With bin Laden dead, war plan may change

U.S. opposition growing to war in Afghanistan

Jonathan S. Landay McClatchy

WASHINGTON – Osama bin Laden’s death could force President Barack Obama to change his strategy for ending the nearly decade-long Afghan war, including keeping tens of thousands of U.S. troops in Afghanistan at least until 2014, according to some Western experts and officials.

The key rationale underpinning Obama’s strategy – repeated in every major statement that the president or his lieutenants make on the war – is that the massive U.S. troop presence is required to stop the Taliban from retaking power in Afghanistan, which could allow al-Qaida to use the country again as a sanctuary from which to attack the United States.

But bin Laden’s death on Sunday in a U.S. commando raid on a compound in northeastern Pakistan dealt a huge blow to al-Qaida that will almost certainly fuel domestic opposition to the war, some officials and experts said. Polls show that more than 60 percent of Americans oppose the war.

“With al-Qaida taken down a big notch, how are we going to sell what we are doing?” asked a veteran U.S. diplomat. “I wouldn’t be surprised to see policy shifts” after Gen. David Petraeus gives up command of U.S.-led forces in Afghanistan this summer.

“The American people are going to be pretty quick to write the obituary of al-Qaida because bin Laden is dead,” said Christine Fair, an expert at Georgetown University, who warned that doing so “is premature” because the terrorist network remains a threat.
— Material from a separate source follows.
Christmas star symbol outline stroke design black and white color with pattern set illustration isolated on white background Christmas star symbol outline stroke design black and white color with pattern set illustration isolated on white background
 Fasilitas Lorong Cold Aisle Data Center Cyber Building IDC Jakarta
One key pillar of Obama’s strategy is already facing an uncertain future as a result of bin Laden’s death: the billions of dollars in U.S. aid that Pakistan receives in return for cooperating in fighting terrorism and closing the havens that the Afghan Taliban and allied groups maintain inside its borders.

Key lawmakers indicated on Tuesday that Congress could slash the $3.1 billion the administration is seeking in 2012 for Pakistan if it is determined that the Pakistani army or spy agency, the Inter-Services Intelligence Directorate, were complicit in hiding bin Laden outside the city of Abbottabad.

The White House said Tuesday that bin Laden’s killing was consistent with its strategy, under which U.S. troops will begin withdrawing in July and Afghan forces, who are being trained in greater numbers, will gradually assume greater security responsibilities before taking over the entire country by 2014.

“The president’s plan is on track,” said White House spokesman Jay Carney. “And the focus of that operation, of the … U.S. personnel in Afghanistan, is on al-Qaida.”

Yet senior U.S. intelligence experts estimate that there are fewer than 100 al-Qaida fighters in Afghanistan at any time. And the unprecedented level of violence convulsing the country is overwhelmingly caused by the Taliban and allied groups like the Haqqani network.

“With al-Qaida largely displaced from the country … Afghanistan does not carry a strategic value that justifies 100,000 American troops and a $100 billion per year cost, especially given current fiscal restraints,” said Sen. Dick Lugar of Indiana, the top Republican on the Senate Foreign Relations Committee.

The pressure to slash federal spending, coupled with the success of the bin Laden raid, could strengthen the hand of Vice President Joe Biden and other senior officials who advocate major cuts in regular U.S. troops and greater reliance on the kind of special forces operations that killed the terrorist leader.

“It was and is an error to equate the Taliban return with al-Qaida’s return,” Richard Haass, president of the Council on Foreign Relations and a former senior State Department official, told the Senate Foreign Relations Commission on Tuesday.